"Chechnya is a state inside Russia that is not subject to the laws of the country," says Ilya Yashin, deputy chairman of the Russian opposition party Parnas.
He presented a report Tuesday titled "Threat to National Security" on the situation in the republic, located in Russia's North Caucasus region.
Yashin said his main task, and that of Parnas and Russia's democratic coalition, is to demand "the immediate resignation" of Ramzan Kadyrov, Chechnya's governor and a stalwart supporter of President Vladimir Putin. They also want Kadyrov to be prosecuted for "a number of serious crimes."

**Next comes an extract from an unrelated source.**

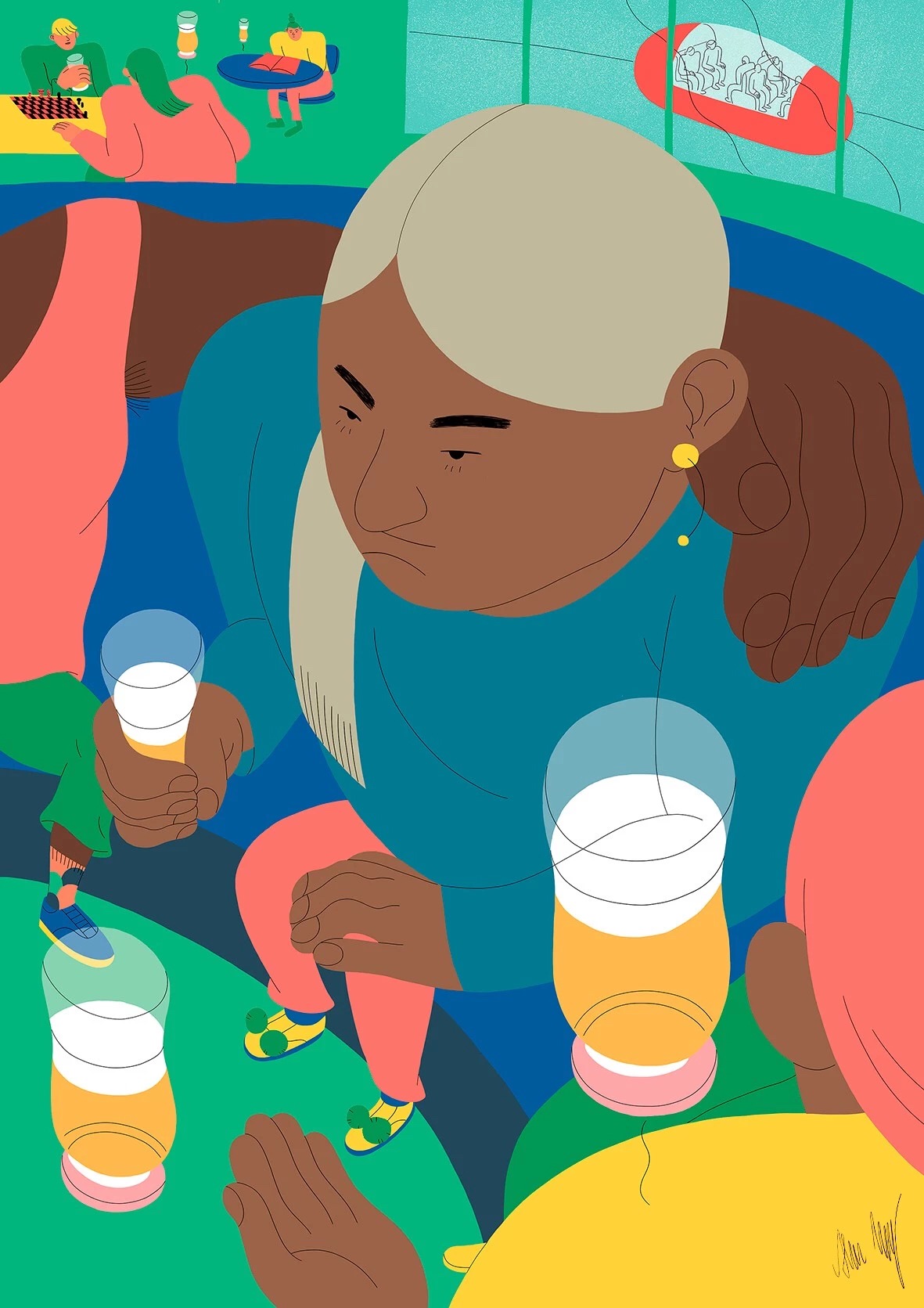 鲜艳的大色块插画大手小人很特别的视角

Russian media on Tuesday quoted Kadyrov, whose second term as Chechnya's governor ends in early April, as saying he was ready leave office. However, he has not officially taken himself out of the running for another term.
There were several attempts to disrupt Yashin's presentation, which was held at Parnas's offices in the Russian capital and attended by a large number of Russian and foreign journalists. First, a young man whose journalistic credentials were less than clear hurled a pack of fake American dollar bills at the speaker. That man was removed from the premises, but soon afterward another person began shouting loudly.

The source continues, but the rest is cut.